The wheels of reform grind slowly ... too slowly
Regardless of why a sting operation against four state legislators and others from Philadelphia ultimately crashed, the disconcerting fact is that four lawmakers who allegedly accepted about $20,000 in cash and gifts from an police informant three years ago still are running around the Capitol.
Attorney General Kathleen Kane dropped the case after she took office in 2013, contending that her predecessors fatally poisoned the case by dismissing more than 2,000 fraud charges against Tyron B. Ali, the informant they had recruited to entice public officials with bribes.
At any rate, the case has produced little more than the usual tut-tutting in Harrisburg, when the case cries for sweeping reforms to help gird legislators against temptation.
Incredibly, legislative rules actually allow state lawmakers to accept "gifts" from just about anybody, as long as they report anything over $250.
Since lawmakers have ensured that they are well-paid by the public, ostensibly to represent the public interest, there is no sound rationale for them to accept anything from anyone.

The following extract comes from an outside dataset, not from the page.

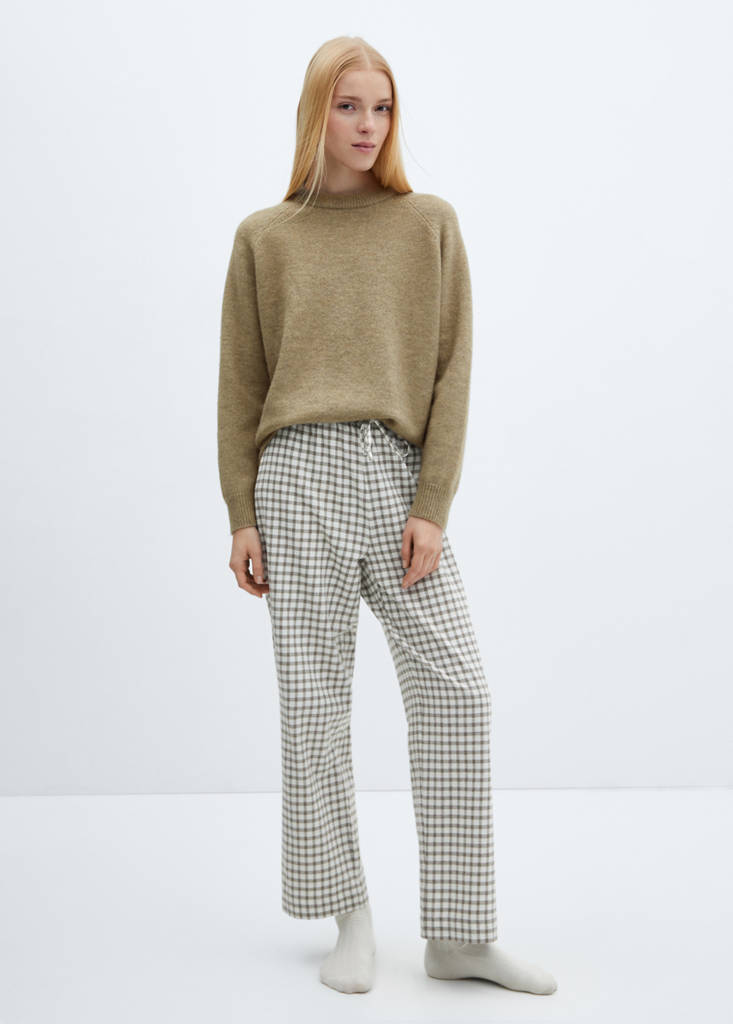 Round-neck knitted sweater — Brown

Yet the most recent scandal has inspired only momentum for partial reforms.
Republican Sens. Lisa Baker of Luzerne County and Lloyd Smucker of Lancaster County have introduced a bill to bar lawmakers from accepting cash in any form from anyone attempting to influence legislation. No need to recheck your calendar; that's a pending bill in 2014. Legislators should be embarrassed that they even have to introduce it.
Even so, it applies only to money. There is no reason for lawmakers to be allowed to accept any gifts from anyone - the golf, free meals and other means that influence peddlers still use to get lawmakers' ears.
Lawmakers in both houses should simply ban all gifts, thus precluding the possibility of any misunderstanding among them or their legions of suitors.
While they're at it, they also should pass an unrelated but long overdue reform proposed by Republican Sen. Randy Vulakovich of Allegheny County. Rather than allowing lawmakers to collect a flat $159 for expenses they might or might not accrue while in Harrisburg, the bill would require them to submit receipts and be reimbursed for expenses they actually incur.
That's the definition of a no-brainer. Many lawmakers have taken to filing receipts anyway, but unvouchered, tax-free, flat-rate payments amounted to nearly $4 million over the last two-year legislative session.
These reforms should be easy. That they're not indicates the deeper underlying problem.